Saturday, March 24, 2012

day twenty-eight: sweet

I haven't been very sweet lately. I've snapped at Suzy, avoided people, and haven't been very kind in general. I get this way when I get stressed, busy, tired, etc. I get so focused on getting everything done - including our projects for this blog - that I forget to relax...and I forget to be kind to those I care about.

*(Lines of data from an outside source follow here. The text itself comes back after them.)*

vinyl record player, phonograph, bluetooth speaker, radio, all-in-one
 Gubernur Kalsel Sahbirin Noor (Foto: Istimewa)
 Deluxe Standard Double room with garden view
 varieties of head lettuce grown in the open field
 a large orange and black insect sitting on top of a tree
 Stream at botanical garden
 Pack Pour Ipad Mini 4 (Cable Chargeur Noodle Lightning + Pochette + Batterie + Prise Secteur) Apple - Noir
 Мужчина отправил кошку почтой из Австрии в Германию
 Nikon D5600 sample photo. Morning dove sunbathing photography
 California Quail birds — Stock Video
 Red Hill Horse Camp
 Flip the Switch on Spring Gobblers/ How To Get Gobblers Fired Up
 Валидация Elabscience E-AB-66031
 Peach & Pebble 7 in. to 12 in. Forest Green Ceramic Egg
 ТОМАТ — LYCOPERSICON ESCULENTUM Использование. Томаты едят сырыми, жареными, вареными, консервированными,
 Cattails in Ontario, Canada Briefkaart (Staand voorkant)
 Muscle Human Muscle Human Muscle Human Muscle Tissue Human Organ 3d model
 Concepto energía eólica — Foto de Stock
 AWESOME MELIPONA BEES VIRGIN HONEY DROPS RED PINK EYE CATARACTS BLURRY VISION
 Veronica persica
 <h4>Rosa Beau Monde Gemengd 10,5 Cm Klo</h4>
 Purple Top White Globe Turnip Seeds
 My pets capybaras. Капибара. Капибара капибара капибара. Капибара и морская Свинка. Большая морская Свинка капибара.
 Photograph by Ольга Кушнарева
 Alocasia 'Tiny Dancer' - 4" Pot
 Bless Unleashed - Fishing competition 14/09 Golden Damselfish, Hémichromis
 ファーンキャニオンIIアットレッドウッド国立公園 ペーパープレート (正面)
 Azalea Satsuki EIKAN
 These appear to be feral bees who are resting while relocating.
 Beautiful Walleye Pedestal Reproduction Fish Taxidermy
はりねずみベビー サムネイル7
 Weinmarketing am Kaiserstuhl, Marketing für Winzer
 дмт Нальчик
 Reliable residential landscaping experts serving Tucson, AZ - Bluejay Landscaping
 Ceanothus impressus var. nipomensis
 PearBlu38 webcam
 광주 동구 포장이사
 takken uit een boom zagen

Today was a good reminder. I took some sugar-free candy to homebound church members in nursing homes. I went to see Frances, who is a lively lady recovering from a fall and extended illness; Jody, who can barely speak apart from a few grunts or moans; Mary, who can't hear it thunder; Florence, who often doesn't know where she is; Charles, who thinks he is a college administrator who travels the country; Ethel, a precious little old lady who is always so kind and thankful; and Diane, who usually doesn't know who I am.

In each case, I offered some sweet treats: chocolate, hard candies, butterscotch. But nobody wanted any! At best, I got a disinterested shrug and an acquiescent, "OK. I'll take some." None of them really cared about the candy.

What they did care about was the visit. Each of them was so pleased to have a visitor, and to spend just a few moments chatting. I was thinking that the candy would be a good way to show them I cared. But just showing up meant more to them than any gift I could have brought. And they all kept saying something along the lines of, "You are so sweet to come."

I guess today's culinary care didn't depend as much on the "culinary" part, as long as the "caring" was there. And even though I wasn't feeling all that sweet, it's hard not to be with these senior adults.